Showing posts with label Leonard Cirino. Show all posts
Showing posts with label Leonard Cirino. Show all posts

Wednesday, March 14, 2012

Leonard J. Cirino: 1943-2012



I'm sorry to report, another fine small press poet has died: Leonard J. Cirino.  Over the years, I've published a few pieces by Leonard in Lilliput Review.  He was unique; what appealed to me about his work was a lyrical quality that displayed a fine mix of detail and philosophy, with a faintly Eastern sensibility.  Indeed, he loved the classic Eastern poets, as in the following:



The Road Going Nowhere after So Chongju

The road going somewhere always leads to an end.
Sadness, like a red blossom, also comes to an end.
The limbs of a willow bend to the stream, the moon
descends. Sorrow, an ache laced with opium, and joy
that never ends. The floating worlds go on in a dream.
What of the taste and stiff scent of blood?
Its stain? The road long coming home?

                Leonard J. Cirino   
                Lilliput Review, #176



The poet and friend of Leonard, RD Armstrong, has done a fine tribute over at the Lummox Writers' Press Club.  Check it out if you get a chance, it's a fine modern elegy.  In addition, listen to Leonard  being interviewed by RD over at Blog Talk Radio on The Jane Crown Show or via the following widget:










A couple of Leonard's poems, the first from his last book and the second, originally published in America back in 2007.


Forty Years of Nightmares
   Here the clouds are great churches – Deborah Diggs
 
Judged harshly by my enemies, I say,
Let them cast the first stone.
I’ll know
the last judgement when my time comes;
with the clouds and seas as my proper
form of worship, along with the streams,
mountains, the trees and stones.
I never had to stay in the dark of my room
or stand in a corner. Life never punished me
until madness ran amok with my body,
my brain. i could have been Frida
struck by a bus, or Deborah falling,
jumping from the stadium’s heights.
Let them cast lots among the shadows like ghosts.
I know my place in the dark and the light.

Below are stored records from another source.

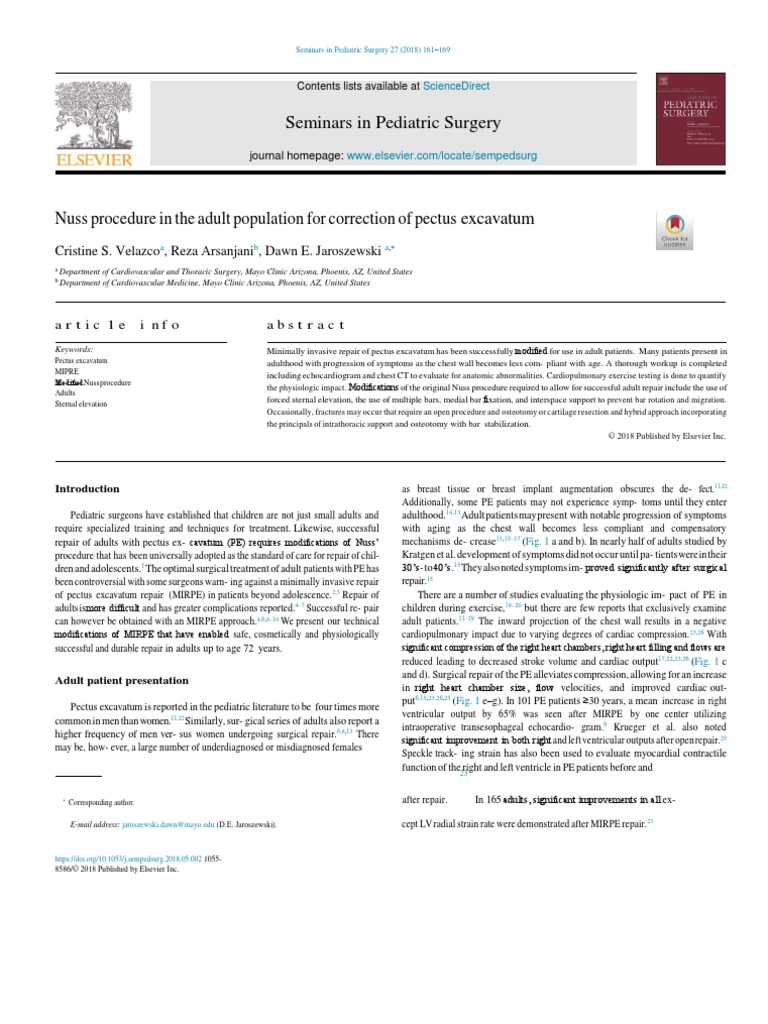 Nuss Procedure in The Adult Population For Correction of Pectus ...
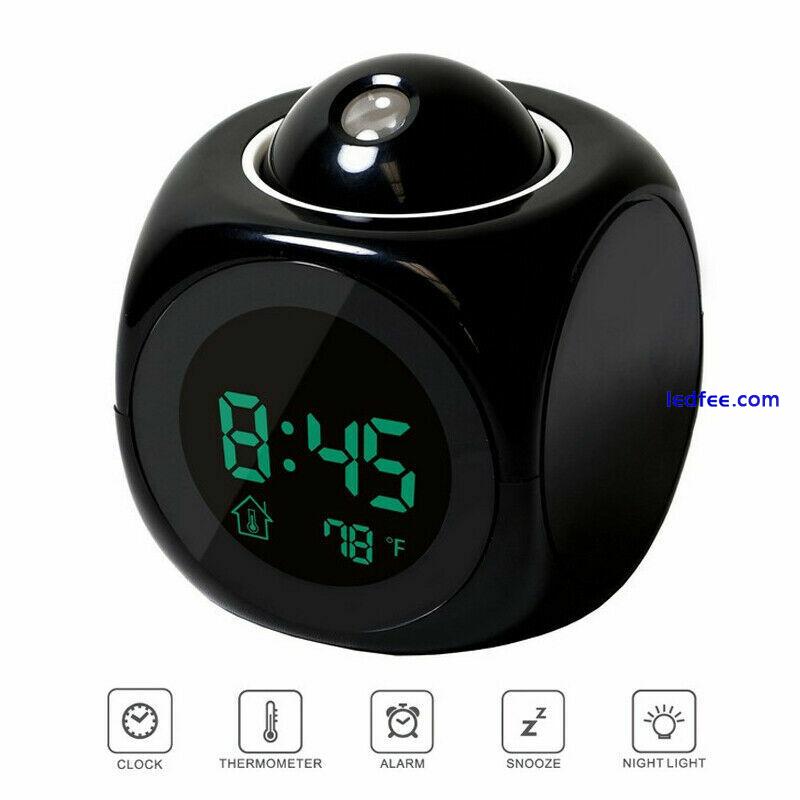 Digital Projection Alarm Clock With LCD Display Voice Talking LED Projector 0 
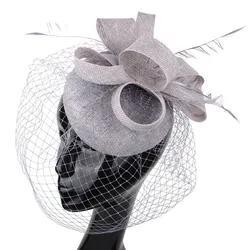 Elegant Women Chic Mesh Headwear Hoops Fascinator Hat Mesh Fancy Feather Hair Accessories Chapeau Cap Party Dinner Headpiece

    from Leonard's last book The Instrument of Others
   Pygmy Forest Press





Accept the Gift A Letter to James Wright, Deceased
Like snow, the poem breaks into petals
and crystals, sharp things like stilettos.
It is just now April, or mid-May,
the shadows of flowers lie neglected
in the garden while cedar and fir hang
lovely in the long-gone frost of March.

Why does it take some happiness
and a loneliness one can only cry for
to make these poems? I’m sorry you had
the gift. It makes for a miserable life.

How Ohio lived in you, your verse freed
and standing on its own, like a colt,
or an orphan removed from the nest
only to have its illusions shattered
in the world wide enough that you can’t
know yourself, or any part but Ohio,
and all things west, north, south, the distance
from home one calls a map of the earth.

Published in America Magazine April 30, 2007

Leonard reading "I Dream Your Voice":





-------------------------

And these 3 are for Leonard.  I believe he would like them very much ... rest in peace.


Beginning

The moon drops one or two feathers into the field.  
The dark wheat listens.
Be still.
Now.
There they are, the moons young, trying
Their wings.
Between trees, a slender woman lifts up the lovely shadow
Of her face, and now she steps into the air, now she is gone
Wholly, into the air.
I stand alone by an elder tree, I do not dare breathe
Or move.
I listen.
The wheat leans back toward its own darkness,
And I lean toward mine.
James Wright





Saying Good bye to MenHao-jan
at Yellow Crane Pavilion

You said goodbye at Yellow Crane Pavilion
and sailed west, down into the valley
through the flowers and the mist of spring
until your lonely sail vanished
in the blue sky's horizon.

and I was left watching the river
flowing gently into heaven
Li Po
translated by Sam Hamill





nightingale
you're growing old...
but what a voice!

                    Issa
                    translated by David G. Lanoue




best,
Don

Wednesday Haiku will return next week.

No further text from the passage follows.